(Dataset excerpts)
'''

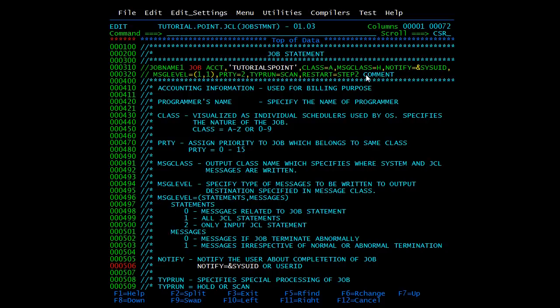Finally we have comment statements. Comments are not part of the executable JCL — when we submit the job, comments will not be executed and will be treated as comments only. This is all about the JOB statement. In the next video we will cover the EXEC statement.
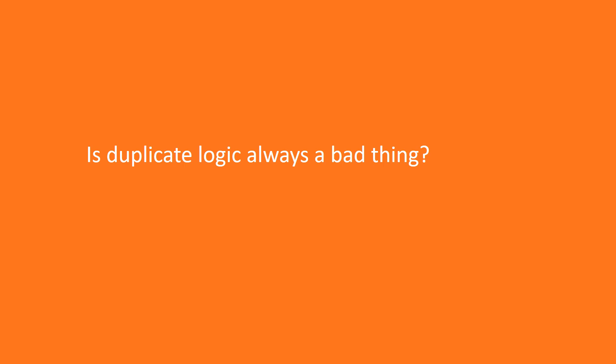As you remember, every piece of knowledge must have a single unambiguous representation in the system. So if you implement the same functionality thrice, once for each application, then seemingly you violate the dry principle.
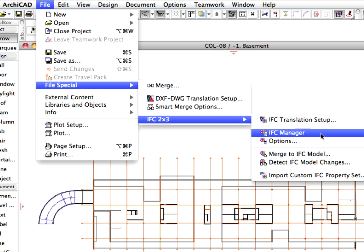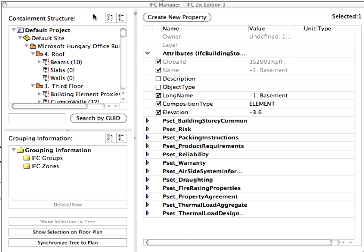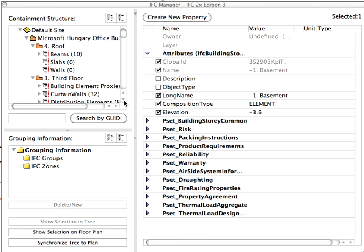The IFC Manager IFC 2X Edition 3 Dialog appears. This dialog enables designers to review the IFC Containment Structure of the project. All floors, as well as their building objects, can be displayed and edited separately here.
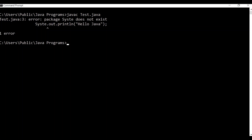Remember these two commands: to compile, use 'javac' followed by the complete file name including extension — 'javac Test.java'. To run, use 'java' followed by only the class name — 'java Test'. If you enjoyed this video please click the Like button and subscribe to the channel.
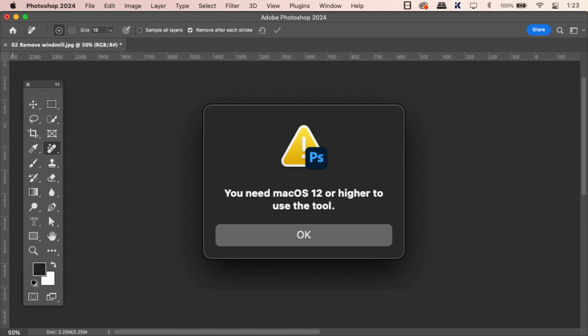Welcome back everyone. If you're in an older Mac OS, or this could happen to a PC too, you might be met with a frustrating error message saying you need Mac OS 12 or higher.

'''

- **Exercise instructions**:
The answer should contain only the lines from the start of the records above through the line with "Remember these two", copied exactly, and no pictures.

- **Task solution**:
Finally we have comment statements. Comments are not part of the executable JCL — when we submit the job, comments will not be executed and will be treated as comments only. This is all about the JOB statement. In the next video we will cover the EXEC statement.
As you remember, every piece of knowledge must have a single unambiguous representation in the system. So if you implement the same functionality thrice, once for each application, then seemingly you violate the dry principle.
The IFC Manager IFC 2X Edition 3 Dialog appears. This dialog enables designers to review the IFC Containment Structure of the project. All floors, as well as their building objects, can be displayed and edited separately here.
Remember these two commands: to compile, use 'javac' followed by the complete file name including extension — 'javac Test.java'. To run, use 'java' followed by only the class name — 'java Test'. If you enjoyed this video please click the Like button and subscribe to the channel.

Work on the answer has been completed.